■ ACTIVITY
For every line below, output the text exactly and leave out images.

■ INFORMATION SUPPLIED

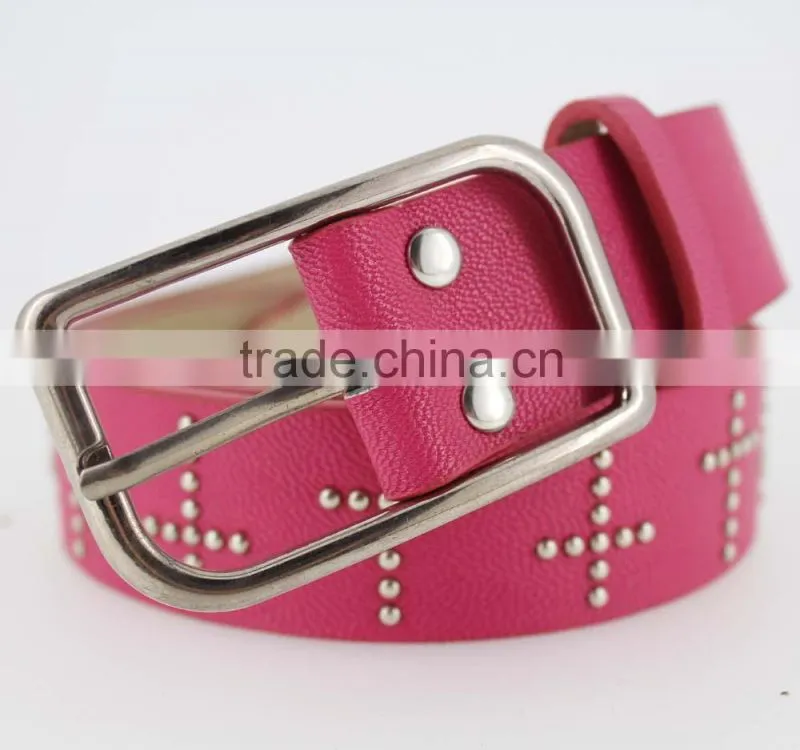 Women's Fashion studded belts for jeans with pu leather square accessories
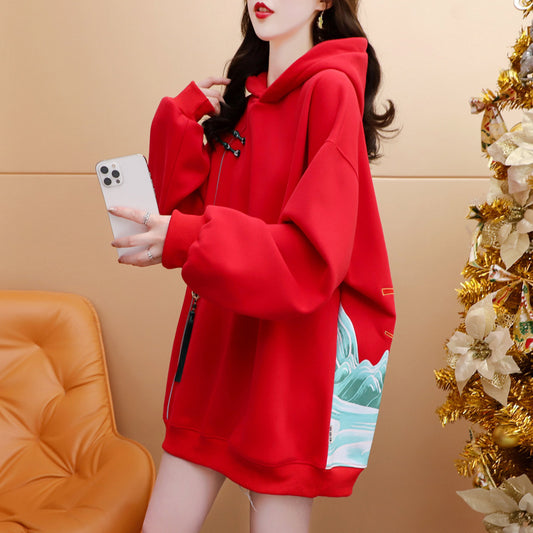Chinese-style Embroidered Hoodie For Women AutumnWinter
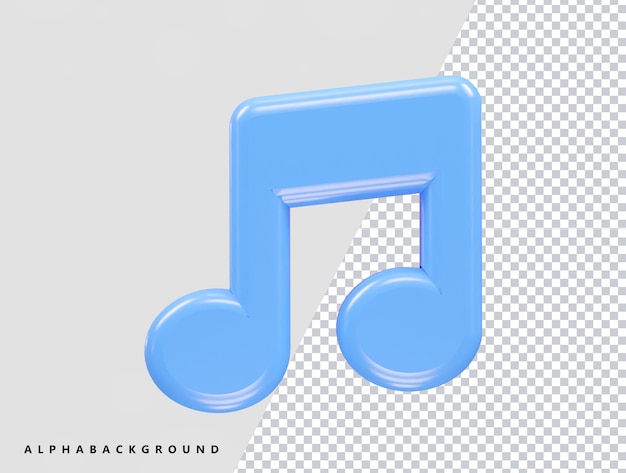 Music icon 3d rendering transparent element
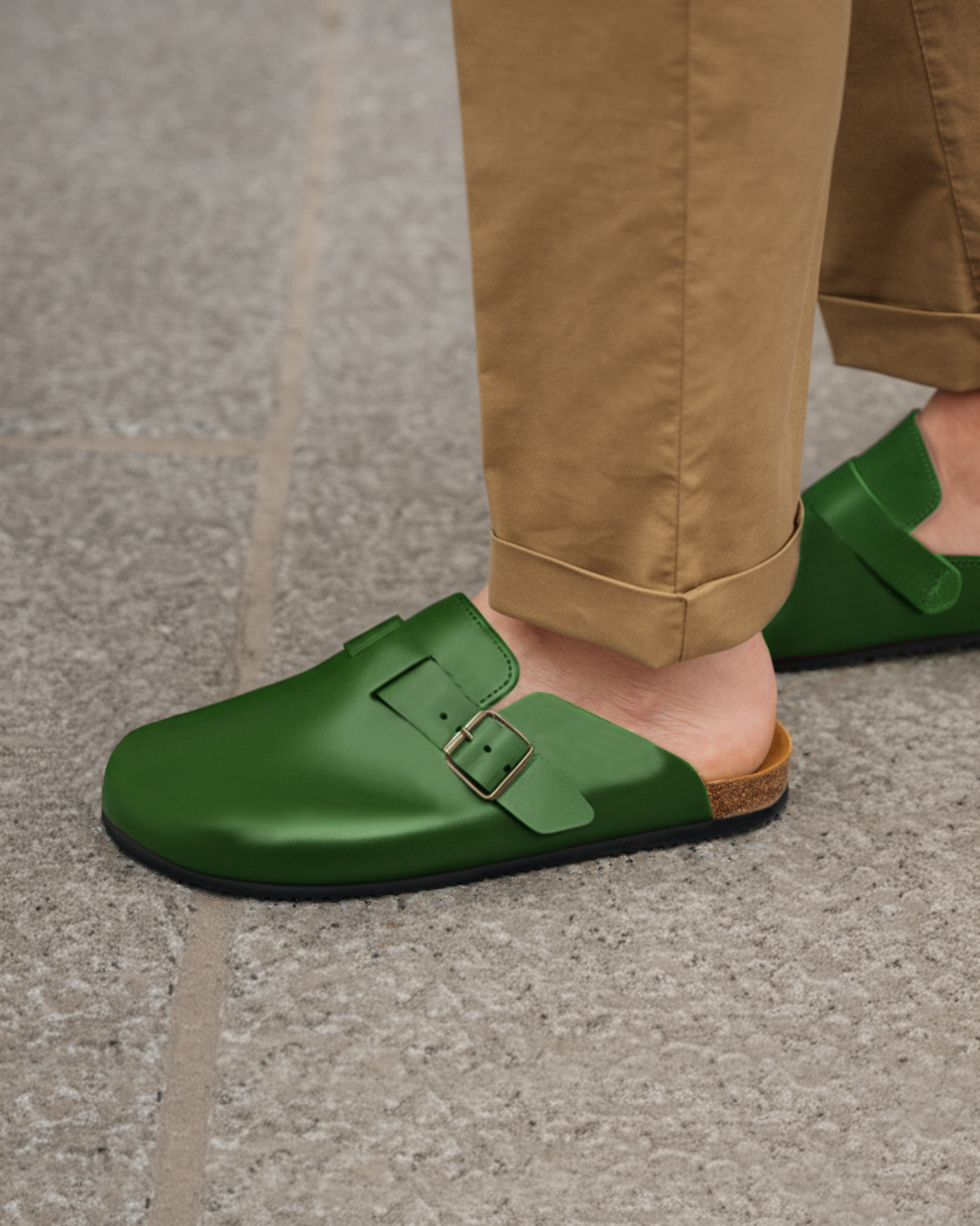 Green Leather Pedestal Platforms Clogs - Summer 2024 Collection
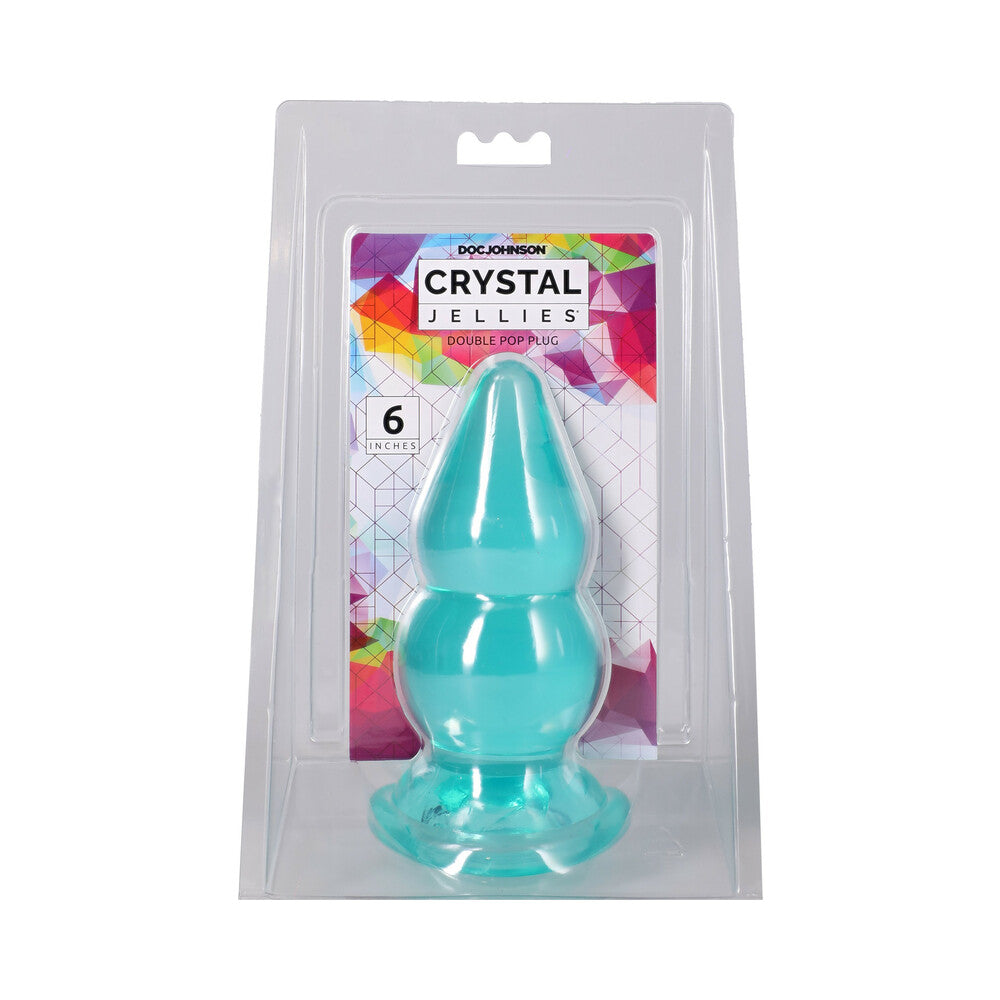 DOC JOHNSON - CRYSTAL JELLIES DOUBLE POP PLUG 6 IN. TEAL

■ WRITTEN RESPONSE
 Women's Fashion studded belts for jeans with pu leather square accessories
Chinese-style Embroidered Hoodie For Women AutumnWinter
 Music icon 3d rendering transparent element
 Green Leather Pedestal Platforms Clogs - Summer 2024 Collection
 DOC JOHNSON - CRYSTAL JELLIES DOUBLE POP PLUG 6 IN. TEAL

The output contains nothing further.